Gross placed the stress on the second syllable.

The usual pronunciation of miscreant places the stress on the first syllable: [MIS-kree-ent].

miscreant – n. A villain, scoundrel; a rebel, criminal, or felon. Now freq. in weakened sense: a minor offender, reprobate. –OED

The mis- in miscreant represents O.Fr. mes– “bad(ly), wrong(ly),” from V.L. minus-, from L. minus “less” A miscreant was a person whose beliefs did not agree with official dogma.

The word entered the language as an adjective from Old French mescreant about 1330 with the sense “heretical, unbelieving, infidel.” The –creant part of the word is from Latin credere, “to believe.”

The use of miscreant as a noun dates from about 1380 and meant “heathen” or “Saracen.” The sense “villain” is first documented in 1590 in the works of Edmund Spenser.

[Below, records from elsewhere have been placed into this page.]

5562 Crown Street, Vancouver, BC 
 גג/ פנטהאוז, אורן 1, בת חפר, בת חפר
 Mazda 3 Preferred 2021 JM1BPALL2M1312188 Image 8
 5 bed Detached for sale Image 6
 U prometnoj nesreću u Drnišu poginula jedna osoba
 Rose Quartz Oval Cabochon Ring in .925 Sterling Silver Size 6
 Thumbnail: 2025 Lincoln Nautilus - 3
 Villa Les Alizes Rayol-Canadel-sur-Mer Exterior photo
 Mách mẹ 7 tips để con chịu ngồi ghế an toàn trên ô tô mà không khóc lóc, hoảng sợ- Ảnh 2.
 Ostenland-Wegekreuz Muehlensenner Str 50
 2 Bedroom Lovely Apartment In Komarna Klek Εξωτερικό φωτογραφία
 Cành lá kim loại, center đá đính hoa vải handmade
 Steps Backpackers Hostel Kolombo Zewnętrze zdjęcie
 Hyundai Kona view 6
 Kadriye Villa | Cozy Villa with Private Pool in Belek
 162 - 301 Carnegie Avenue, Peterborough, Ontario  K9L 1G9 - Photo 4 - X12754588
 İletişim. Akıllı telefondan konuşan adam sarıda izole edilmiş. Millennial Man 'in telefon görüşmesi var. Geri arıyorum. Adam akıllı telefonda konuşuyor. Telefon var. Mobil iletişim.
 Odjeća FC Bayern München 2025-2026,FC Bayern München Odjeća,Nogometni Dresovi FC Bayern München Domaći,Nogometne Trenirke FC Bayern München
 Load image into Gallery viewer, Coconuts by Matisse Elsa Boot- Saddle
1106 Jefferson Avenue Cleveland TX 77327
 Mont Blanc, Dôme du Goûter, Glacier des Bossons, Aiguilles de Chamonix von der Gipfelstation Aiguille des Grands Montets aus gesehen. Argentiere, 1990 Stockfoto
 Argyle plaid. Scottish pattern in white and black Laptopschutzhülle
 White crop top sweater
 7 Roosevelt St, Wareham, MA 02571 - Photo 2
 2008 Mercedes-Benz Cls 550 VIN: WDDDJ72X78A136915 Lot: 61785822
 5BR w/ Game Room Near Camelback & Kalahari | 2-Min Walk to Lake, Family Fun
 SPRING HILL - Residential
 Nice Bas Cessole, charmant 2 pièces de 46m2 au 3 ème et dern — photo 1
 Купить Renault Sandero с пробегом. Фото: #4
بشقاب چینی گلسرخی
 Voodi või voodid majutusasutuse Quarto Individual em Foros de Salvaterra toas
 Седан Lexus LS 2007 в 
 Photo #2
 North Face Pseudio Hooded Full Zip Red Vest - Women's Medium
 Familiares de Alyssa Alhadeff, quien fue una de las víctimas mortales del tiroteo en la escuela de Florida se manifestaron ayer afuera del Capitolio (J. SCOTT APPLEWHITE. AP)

Here are some recent uses of the word miscreant:

KORAPUT: A miscreant attacked a havildar of the Orissa Special Armed Police (OSAP) Bikram Kujur on Sunday night and snatched away his AK-47 rifle. The Hindu 27Feb2007

The next presidential campaign will show us whether these miscreant patricians [the Bush family] have poisoned the well of the presidential campaign system. If so, there’s no telling what kind of president we might get. –Howell Raines at CommonDreams.org; originally published in The Age 21Dec05

[Pacman Jones is] a rude, crude, and violent miscreant who has yet to express an iota remorse for the manager of the establishment that he trashed; a man who will spend the rest of his life in a wheel chair as a direct result of the actions of Jones and his “Posse”. Sports Illustrated CNN commentator

NOTE: “Miscreant” was the name of “a short-lived melodic death metal band” from Sweden.